# What you should do
Nothing but the pictures should be left out when you copy the records exactly.

[Data shown Boundary: Start]

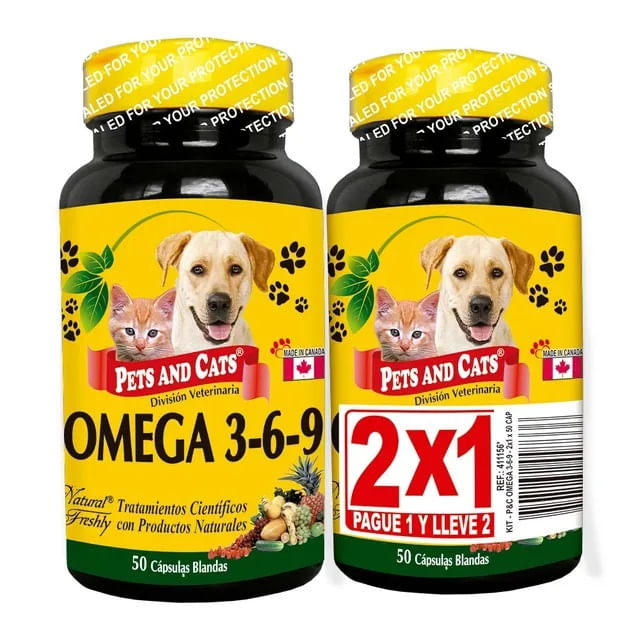 Natural Freshly Omega 3-6-9 Suplemento (50 Cápsulas) 1 Natural Freshly Omega 3-6-9 suplemento 50 cápsulas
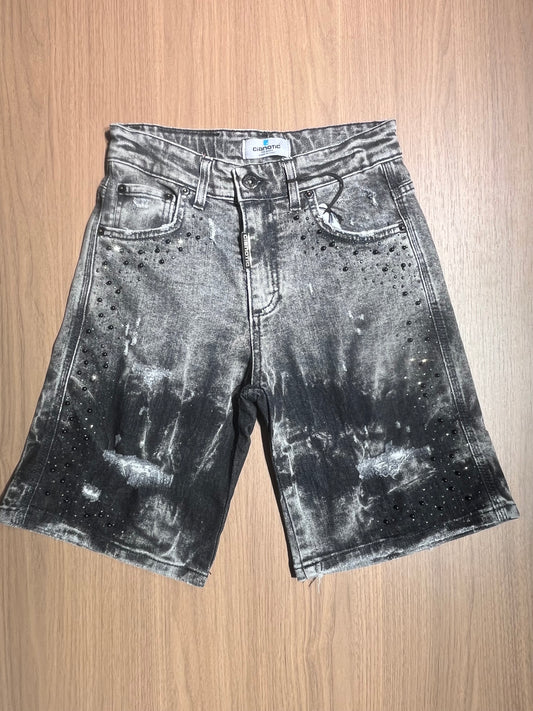 Bermuda bambino Cianotic con brillanti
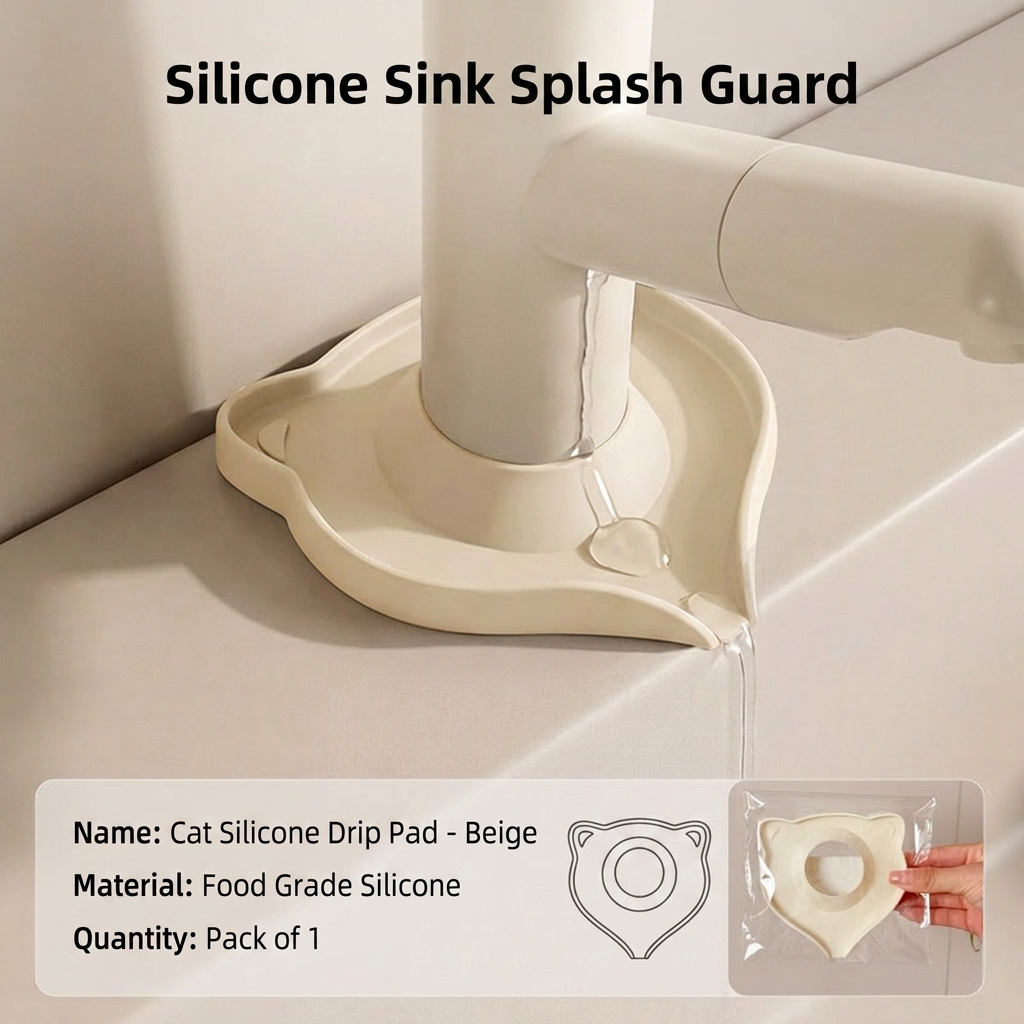 Evrensel Mutfak Lavabosu Banyo - Silicone Tap Washer incelemesi ve fiyatı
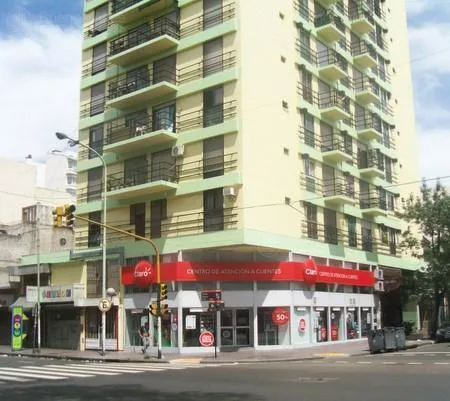 Departamento de 1 Ambiente Al Frente con Balcón - Apto Profesional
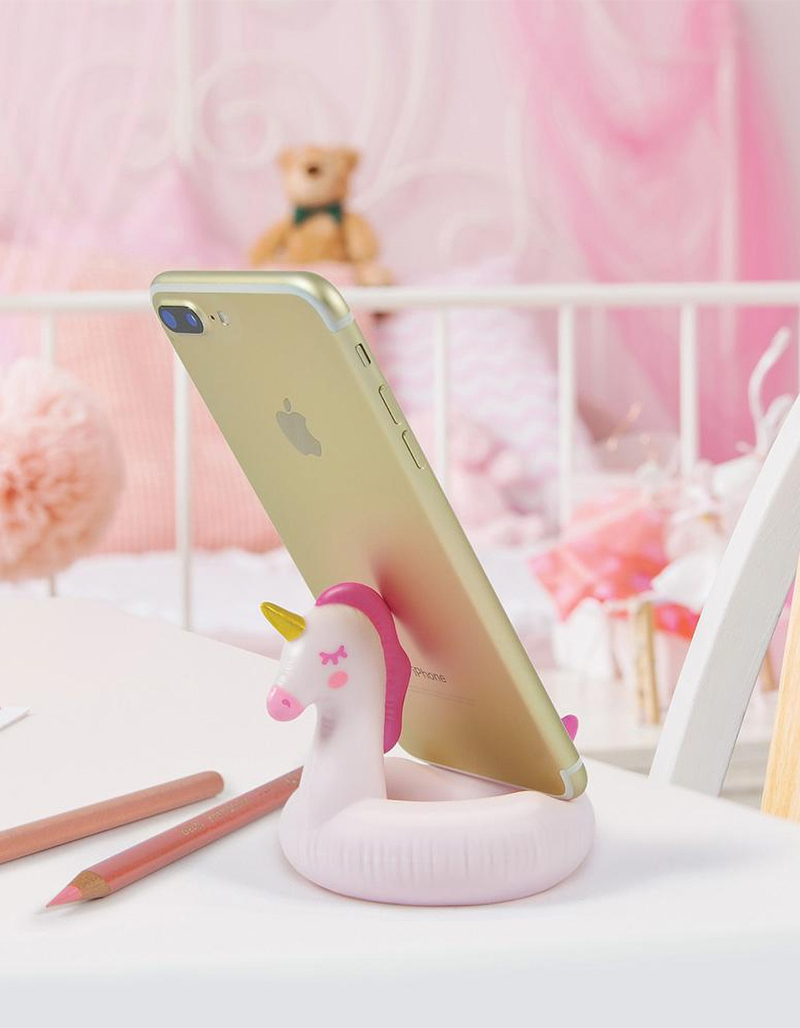 FRED & FRIENDS Float On Unicorn Phone Stand image number 2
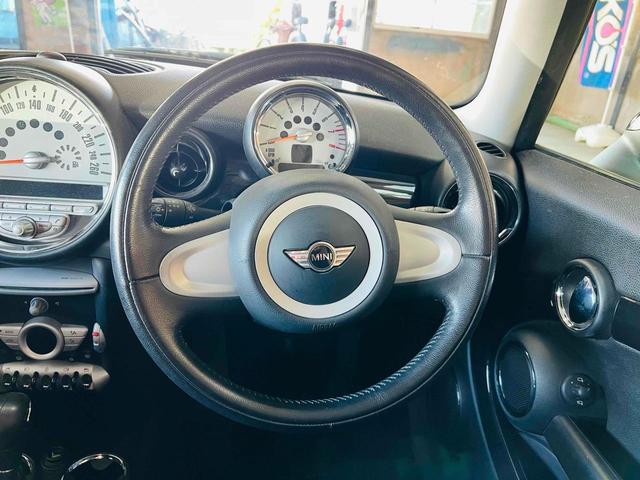 ＭＩＮＩ クーパー　Ｒ５６　６ＡＴ　黄　Ｂｌｕｅｔｏｏｔｈ　Ｃａｒｐｌａｙ　Ａｎｄｒｏｉｄ　Ａｕｔｏ　ナビ　ドラレコ　ドライブレコーダー　バックカメラ　ＥＴＣ　ＵＳＢ　アルミ　ユニオンジャック　テール　ＧＴ　Ｍｏｔｏｒｓ（24枚目）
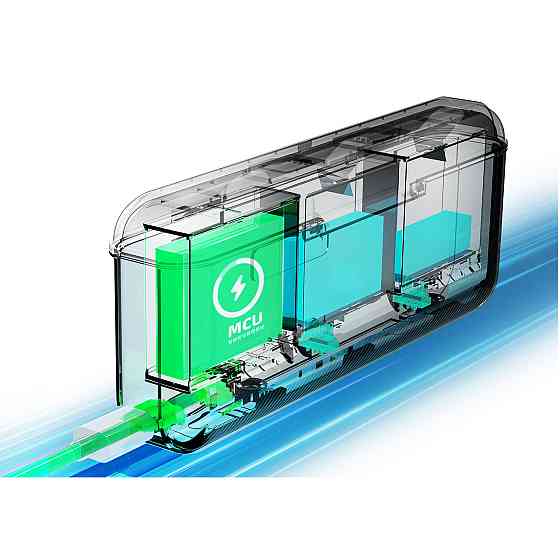 Зарядка Action 6/5 Pro/Osmo 360 швидка на три слоти 20Вт PD3 aMagisn AA19 Київ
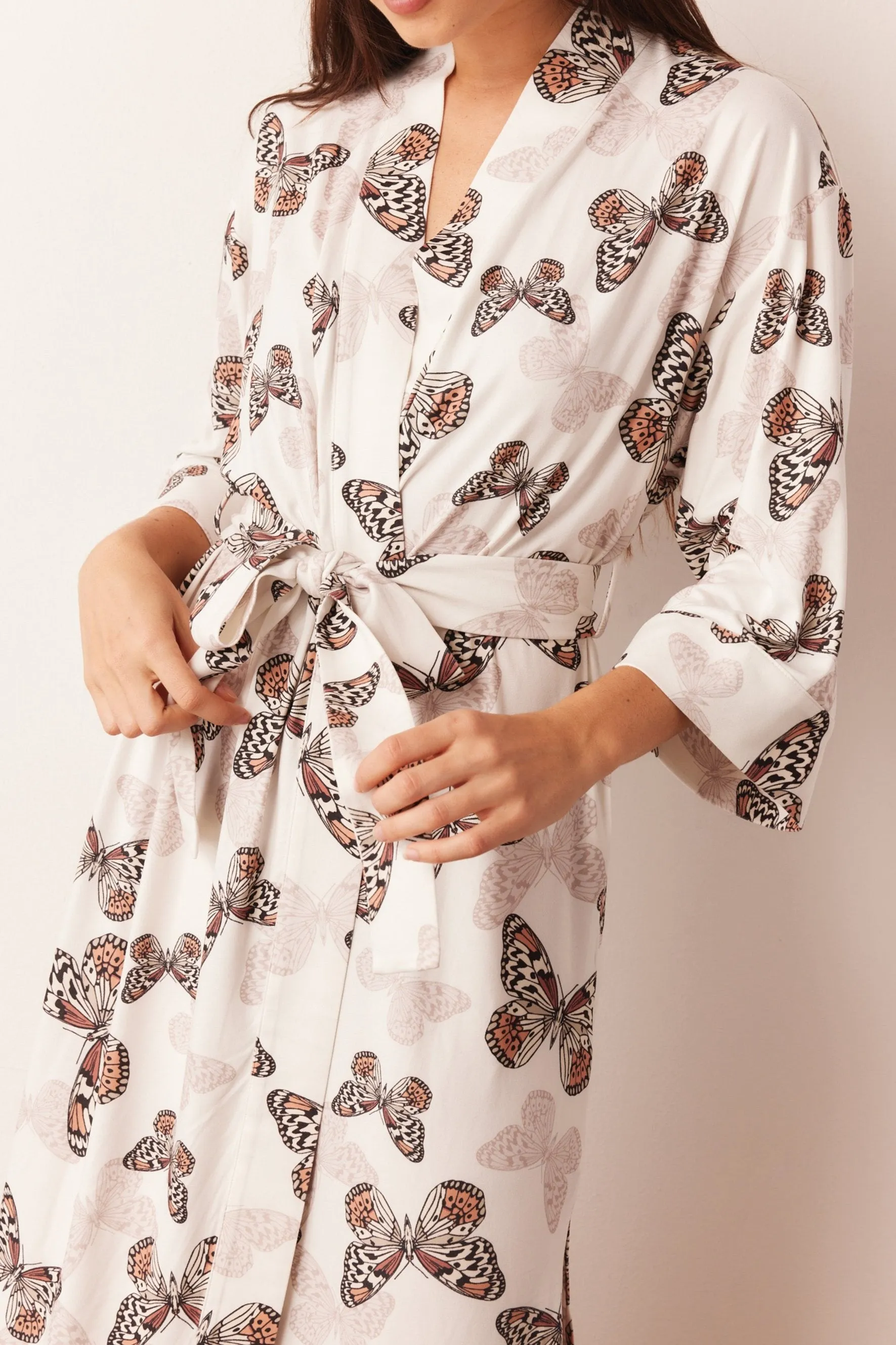 Vera Midi Robe | Mariposa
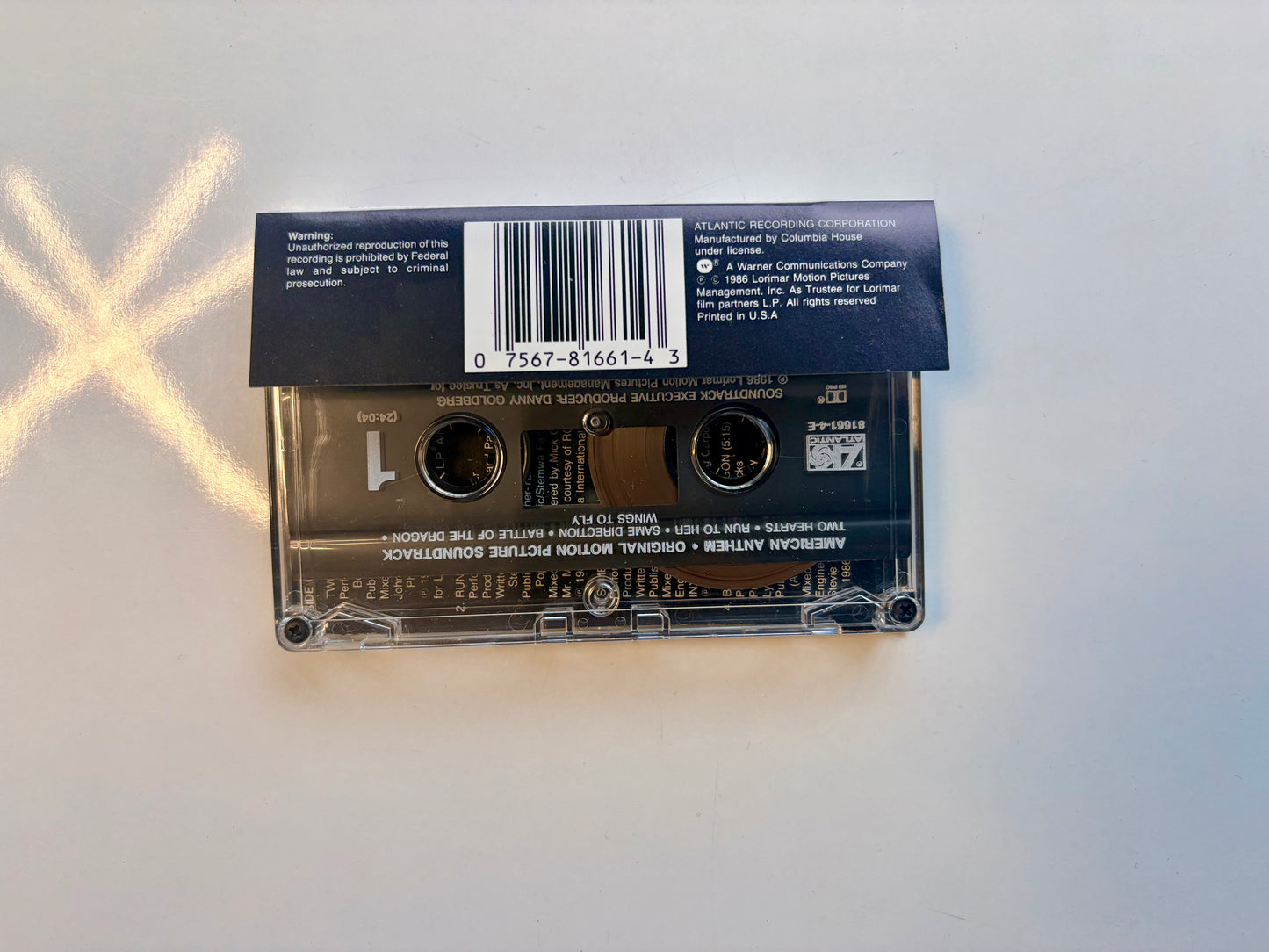 American Anthem, soundtrack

[Data shown Boundary: End]

# Reply
 Natural Freshly Omega 3-6-9 Suplemento (50 Cápsulas) 1 Natural Freshly Omega 3-6-9 suplemento 50 cápsulas
 Bermuda bambino Cianotic con brillanti
 Evrensel Mutfak Lavabosu Banyo - Silicone Tap Washer incelemesi ve fiyatı
 Departamento de 1 Ambiente Al Frente con Balcón - Apto Profesional
 FRED & FRIENDS Float On Unicorn Phone Stand image number 2
 ＭＩＮＩ クーパー　Ｒ５６　６ＡＴ　黄　Ｂｌｕｅｔｏｏｔｈ　Ｃａｒｐｌａｙ　Ａｎｄｒｏｉｄ　Ａｕｔｏ　ナビ　ドラレコ　ドライブレコーダー　バックカメラ　ＥＴＣ　ＵＳＢ　アルミ　ユニオンジャック　テール　ＧＴ　Ｍｏｔｏｒｓ（24枚目）
 Зарядка Action 6/5 Pro/Osmo 360 швидка на три слоти 20Вт PD3 aMagisn AA19 Київ
 Vera Midi Robe | Mariposa
 American Anthem, soundtrack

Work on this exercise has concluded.